Posted by BankInfo on Thu, Dec 13 2012 05:59 am

China Machinery Engineering Corporation (CMEC), a state-owned firm of China, has shown interest to implement the $325 million single-point mooring (SPM) project at deep sea to supply crude oil directly to Eastern Refinery Limited and improve the unloading facility at the outer anchorage.

The CMEC expressed its interest through a letter sent to Prime Minister Sheikh Hasina through its Bangladesh chapter chief representative Zhong Guangzhou on December 3.

“Since Islamic Development Bank (ADB) is not willing to finance the increased cost, we will arrange the full fund on soft terms to implement the project,” the CMEC Bangladesh chief said.

“The soft loan, at a flat interest rate of 5.1 percent to be arranged by CMEC would save nearly $144 million of interest over the project period,” he offered.
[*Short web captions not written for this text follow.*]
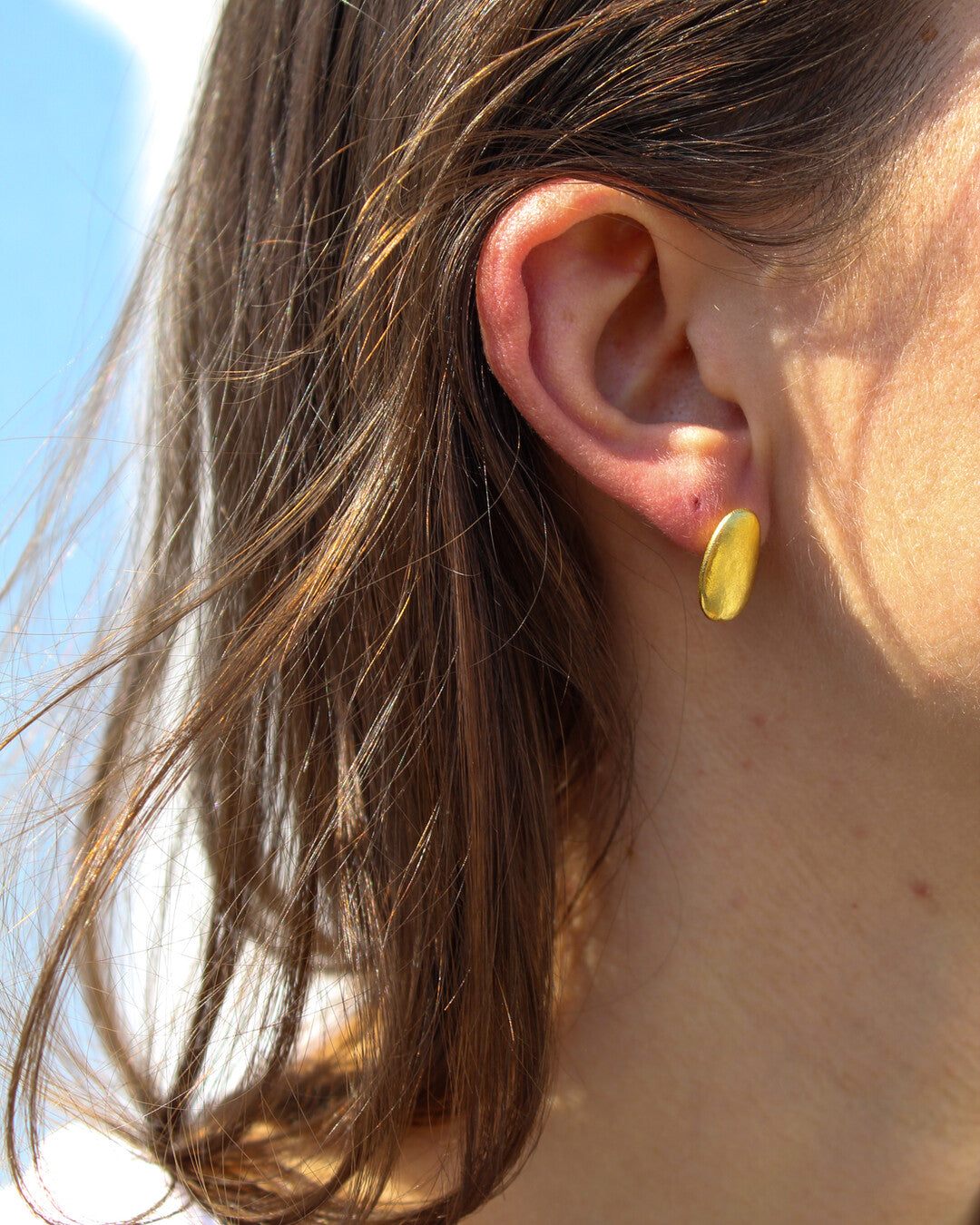 Handmade beans earrings- Margarita Malliri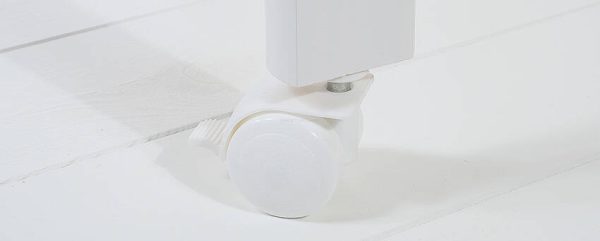 Baby cot castors - set white 4 pcs - Image 2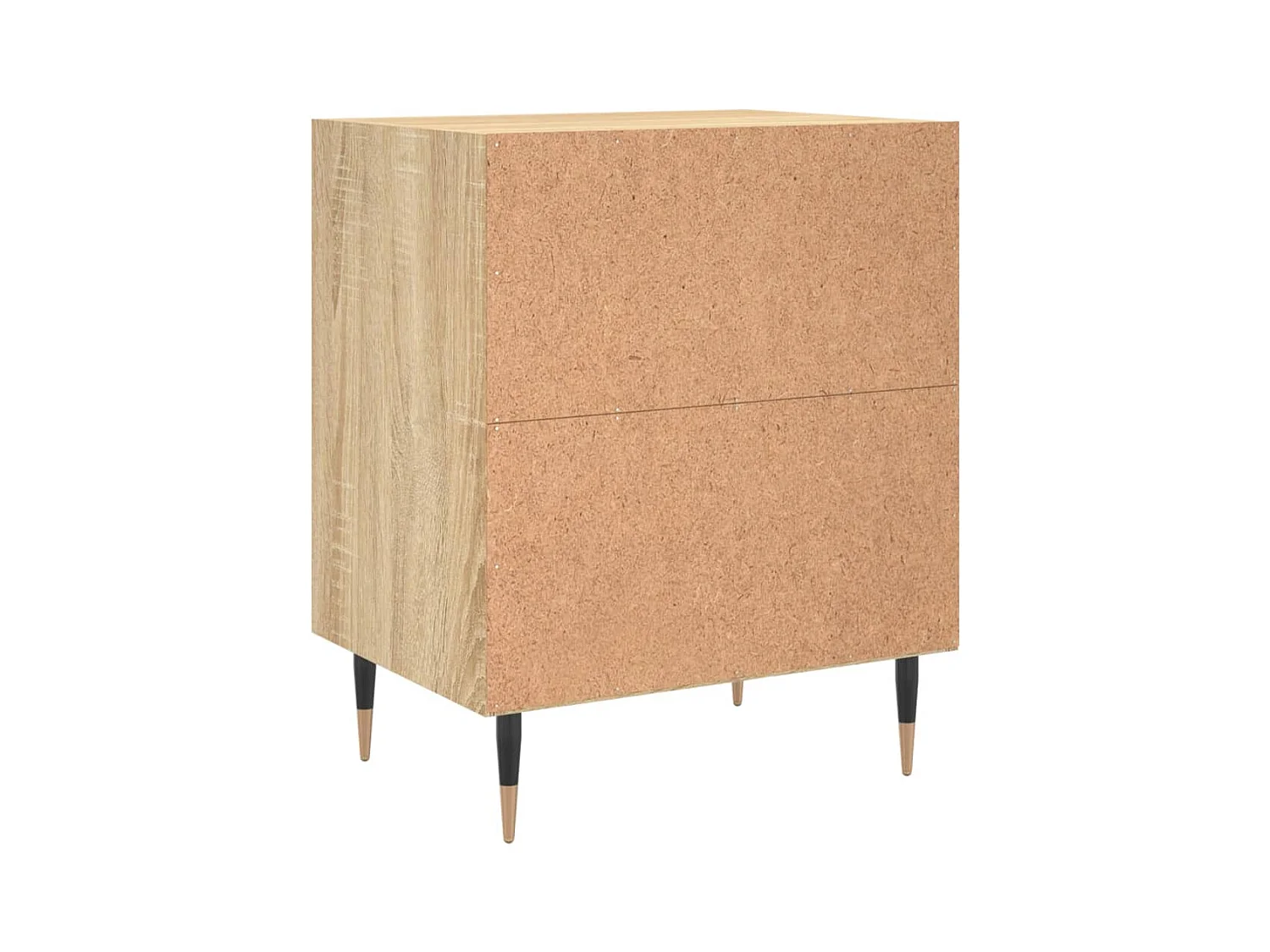 Mesitas de noche | Mesilla de noche 2 uds madera ingeniería roble Sonoma 40x30x50 cm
It was feared that the SPM project might be on hold as the external resources division looks for donors’ aid to implement the scheme.

The Economic Relations Division (ERD) sought more donor funds to implement the project as its cost now stands at $325 million, rising from $129 million,” Project Director GMA Afzal told earlier.

The project aims at facilitating hassle-free petroleum transportation from oil tankers to the ERL near Chittagong port through underground pipeline.

SPM cost increased as the ERL would require installing tank terminal, pump and pipelines permanently instead of direct pumping from tanker, the PD told daily sun.

The refinery would also install 103-kilometre pipeline instead of 77 kilometres between Matarbari of Kutubdia in Cox’s Bazar and Anwara in Chittagong.

In the development project proposal, the government initially estimated $129 million to install the terminal in 2010.

Bangladesh Petroleum Corporation initiated the project to handle crude oil from Kutubdia Island to the refinery to ensure the unloading of crude oil and finished products safely and in a cost-effective way. It was also aimed at tackling oil pilferage and reducing time for oil supply across the country.

The IDB assured to provide $129 million as a soft loan for the project. The rest was supposed to come from the BPC and other donors.

The BPC would not need to rely on other countries for handling imported oil after establishing the terminal, another ERL official said.

The state-run corporation would also be able to save Tk 4.5 billion to Tk 5.0 billion per year by reducing pilferage from transportation of oil as well as reaching at the break-even point within 15 years after setting up the terminal, he added.

Once built, the terminal would be able to handle 120,000 tonnes of oil per month, officials said.

A BPC official alleged that the installation was delayed as a number of businessmen, blessed with some ruling-party leaders, are controlling the loading and unloading of petroleum products.